Everything in the data except the pictures belongs in your answer, copied exactly.

(Beginning of Records to process)

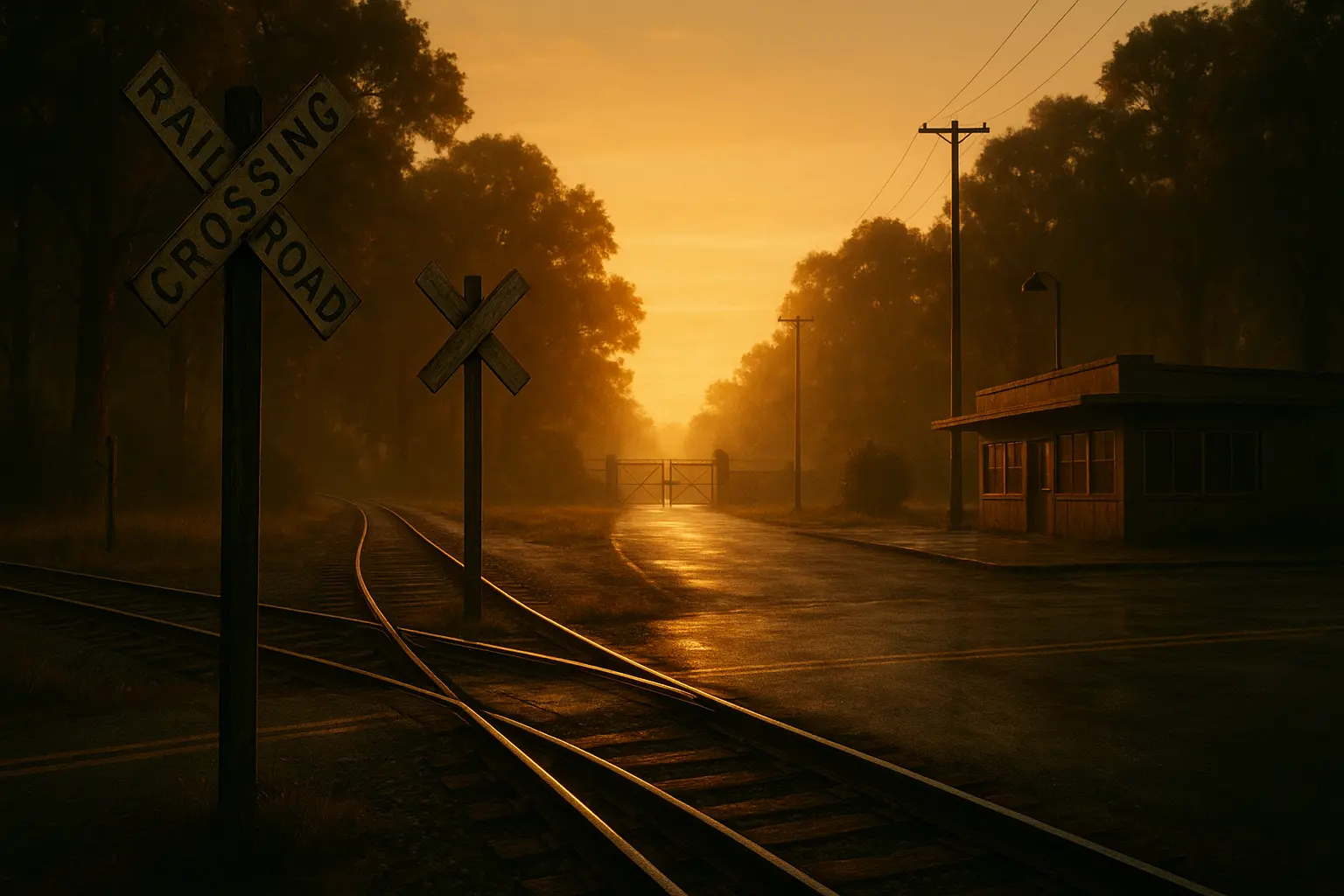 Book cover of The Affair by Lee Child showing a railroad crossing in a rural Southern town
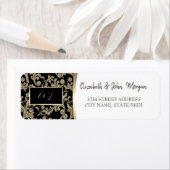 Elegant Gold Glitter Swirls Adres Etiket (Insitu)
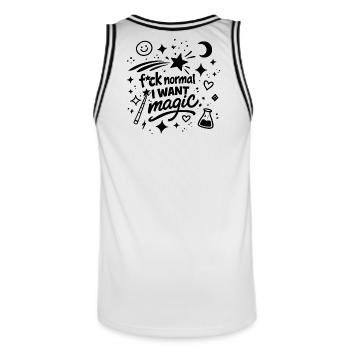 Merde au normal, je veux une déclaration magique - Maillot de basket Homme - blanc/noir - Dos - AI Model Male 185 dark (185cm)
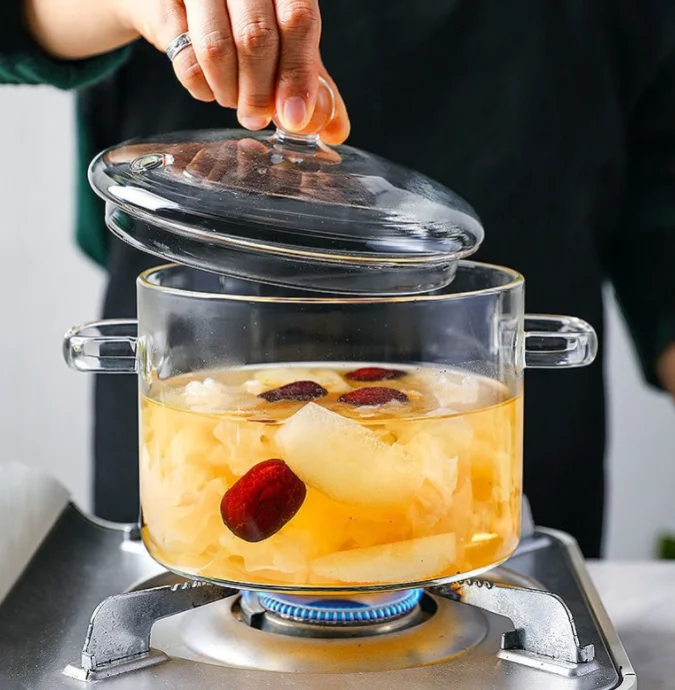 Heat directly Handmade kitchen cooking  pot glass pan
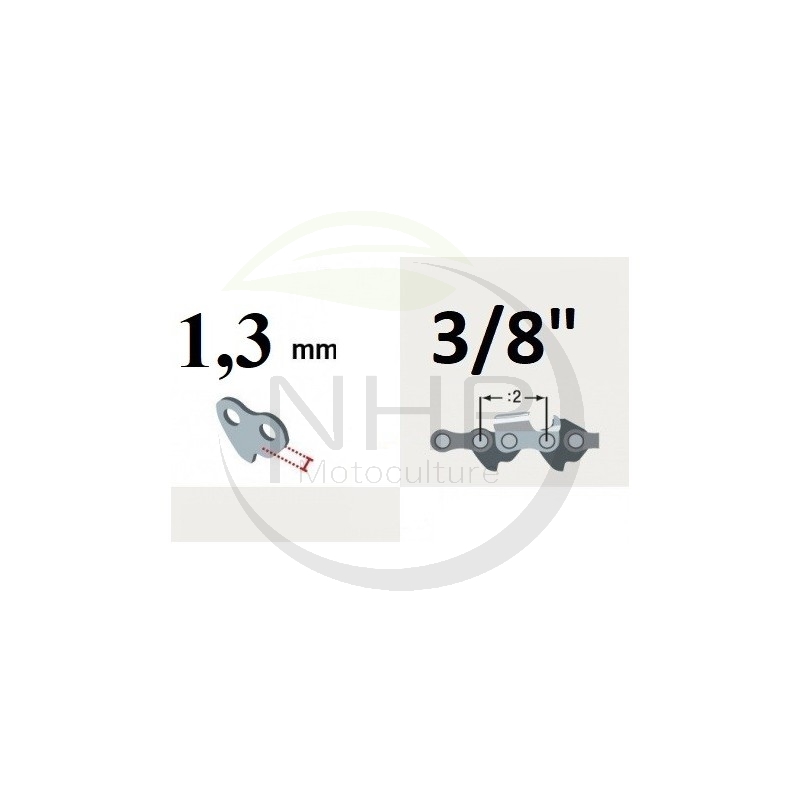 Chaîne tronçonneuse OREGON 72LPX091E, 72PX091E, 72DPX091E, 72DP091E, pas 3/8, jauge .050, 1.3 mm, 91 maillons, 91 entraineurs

(End of Records to process)

Answer box
 Book cover of The Affair by Lee Child showing a railroad crossing in a rural Southern town
 Elegant Gold Glitter Swirls Adres Etiket (Insitu)
 Merde au normal, je veux une déclaration magique - Maillot de basket Homme - blanc/noir - Dos - AI Model Male 185 dark (185cm)
 Heat directly Handmade kitchen cooking  pot glass pan
 Chaîne tronçonneuse OREGON 72LPX091E, 72PX091E, 72DPX091E, 72DP091E, pas 3/8, jauge .050, 1.3 mm, 91 maillons, 91 entraineurs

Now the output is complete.